# logging scale stick or tape



## Mo Wood (Jan 6, 2010)

where can i buy a scale to measure my standing timber whats the best way to do it thanks ....mo wood


----------



## ithica (Jan 6, 2010)

Bailey's here's the link

http://www.baileysonline.com/


----------



## slowp (Jan 6, 2010)

Mo Wood said:


> where can i buy a scale to measure my standing timber whats the best way to do it thanks ....mo wood









On the left is a "stick" for scaling *logs*. It is an old growth scale stick. Slap it up against the end of the *log* and you measure the diameter of that end of the *log*. You will need a tape to measure the log length. There is another scaling stick called a Coconino Scale Stick. It will give you volumes in decimal C for various log lengths so you can compute the volume of *logs* on the spot. It has been a long time since I've used one so don't ask very many questions. 

The bottom of the scale stick is the spud. You hit that into the end of the logs if you suspect rot. Or into the side of the log. 

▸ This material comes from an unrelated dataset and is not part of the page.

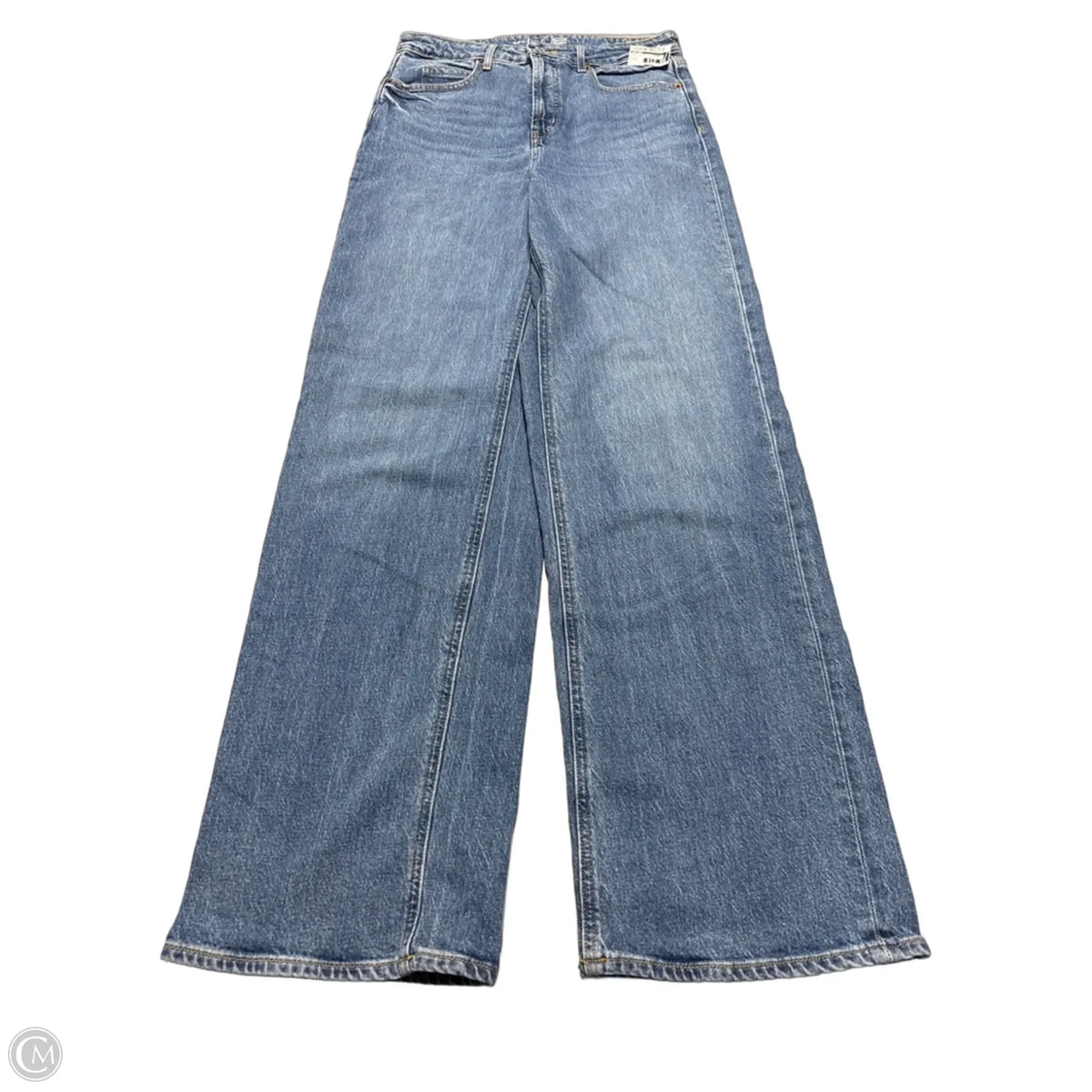Jeans Flared By Old Navy In Blue, Size: 6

I use this particular scale stick when I go out with grade schoolers. It looks threatening and they pay attention. 

On the right is a Biltmore Stick or Hypsometer. It is used for timber cruising, which is the professional term for measuring *trees.* *Logs* are scaled, *trees* are cruised. I have not used one of those since 1983. But, I believe you hold it out horizontally, at the bole of the tree, something like 27 inches from your eye and it will give you a diameter of the tree. Then you walk back, one chain or 66 feet, hold it vertically and it will give you the tree height. It takes a lot of practice to get accuracy. I use it to open and close the heat vent in the ceiling.

Now, are you scaling logs? Or are you cruising timber?

There are other, easier learned tools for timber cruising. It just depends on what you want to spend.


----------



## joesawer (Jan 7, 2010)

Google Biltmore stick.
Baily's used to sell them. Maybe they still do.


----------